Yakitori in a Frying Pan (How to Prepare Tender Chicken)
I think nobody likes the smoke from making yakitori at home. If you use a frying pan, you don't need to worry about it anymore! I know char-grilled yakitori tastes better, but you can still make tasty yakitori with this delicious sauce.
Trim off the excess fat and cut the chicken into bite-sized pieces. Rub the sake into the chicken. Add some ginger to give a good flavour, if you want.
We will be sautéing the Japanese leeks and the shishito peppers using the same frying pan as the chicken (I used 2 thin green peppers in this photo). Cut the Japanese leek into 4-cm lengths. Cut the green peppers lengthways into 4-6 pieces.
Heat some oil in a frying pan and put in the chicken pieces with the skin sides down. Cover with a lid and continue to cook.
Once the skins are golden brown, turn over. Sauté the other sides without covering with a lid. Remove the excess fat in the frying pan with paper towel.
Take out the chicken and sauté the green peppers and Japanese leek. Remove them once they are cooked.
Pour over plenty of yakitori sauce. If you cook them with the sauce, the sauce may burn.

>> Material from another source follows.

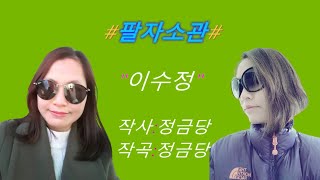 가수,이수정#팔자소관#작사,곡#정금당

Sprinkle with shichimi spice to your liking.
When you have time, make this yakitori sauce in batches. The flavour deepens with age and keeps well (Recipe ID: 2584232).
I love homemade yakitori, but I hate the smoke filling the house after making them. I use a frying pan to resolve this problem. Marinate the chicken with sake first to make it tender even after sautéing in a frying pan. My yakitori sauce (Recipe ID: 2584232) is also homemade, of course.
Marinating chicken in sake makes it very tender, so marinate it for at least 30 minutes. Remove the excess fat when sautéing the chicken with kitchen paper and you will have lighter chicken. Grilling a whole piece of chicken thigh and cutting into bite-sized pieces is another option to make tasty chicken yakitori.